Here is an extract from the IRI documents my FOIA request released: "Since 2002, IRI has formulated seminars, targeted at women and youth from political parties and civil society, on campaign management, political party structure, fundraising, polling, political communication, platform development and the uses of Internet Technology to strengthen political parties. . . Throughout the year [2004], IRI helped with the ongoing emergence of three major coalitions and one merger of left of center parties. The coalitons are: the Grand Front Centre Droit (GFCD), Union Patriotique, and Fronciph. . . From July 31 to August 1, 2004, leaders of left of center parties, Ayiti Kapab, KONAKOM, OPL, and PANPRA met to discuss ways to accelerate a merge and the various techniques needed to advance the goal at the municipal level. At the end of the session, they put in place a work plan for the departments and municipalities to implement the merger of the four parties, now called the Groupe Socialiste. . . IRI is still working with the Christian democratic parties for a similar coalition. . . IRI's information technology trainings have helped political parties create their own websites:. . . OPL. . . GFCD. . . MDN. . . Generation 2004."
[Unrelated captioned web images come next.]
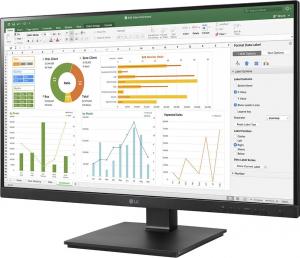 Monitor LG 24BN650Y-B 3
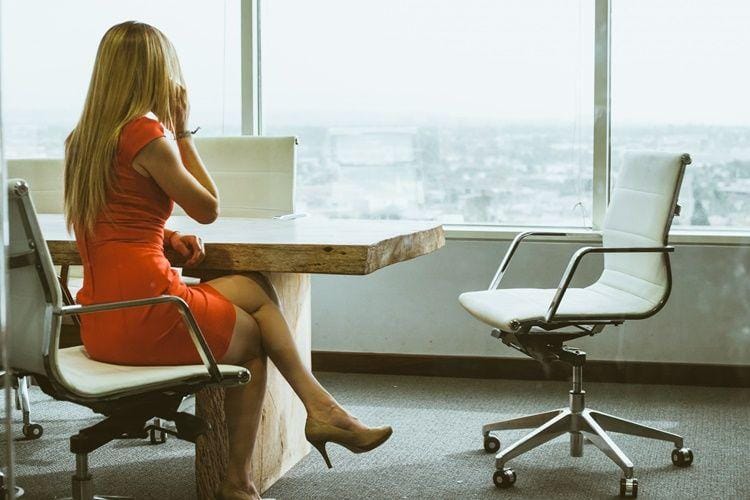 Unsplash.com/Dane Deaner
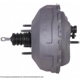 Purchase Top-Quality Remanufactured Power Brake Booster Without Master Cylinder by CARDONE INDUSTRIES - 54-71028 pa10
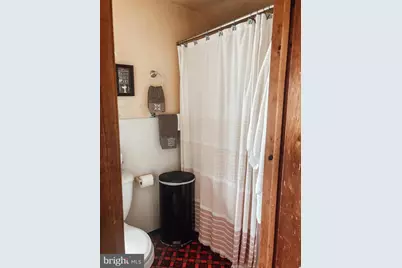 218 E 2nd Street, Avondale, PA 19311 - Photo 15
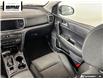 2022 Kia Sportage EX S (Stk: A3444A) in Chilliwack - Image 36 of 36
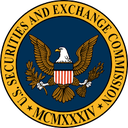 Securities and Exchange Commission (SEC)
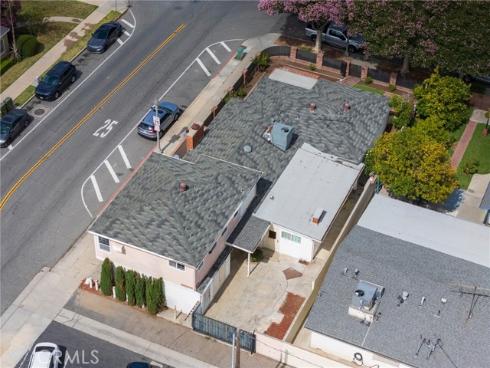 601 S Helena , Anaheim, CA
The Haiti Democracy Project, an elite-funded think-tank, has put on its website an interview between pro-coup journalist Nancy Roc and Paul Denis. In the interview, Denis discusses the OPL's role in Democratic Convergence’s campaign against Haiti’s democratically elected government: "We had a Convergence which gathered parties from the left and the right, but we were joined together around the same objective: the fight against Aristide and for his departure."
This is the kind of “democratic and law-abiding” party that IRI and USAID are spending millions to support.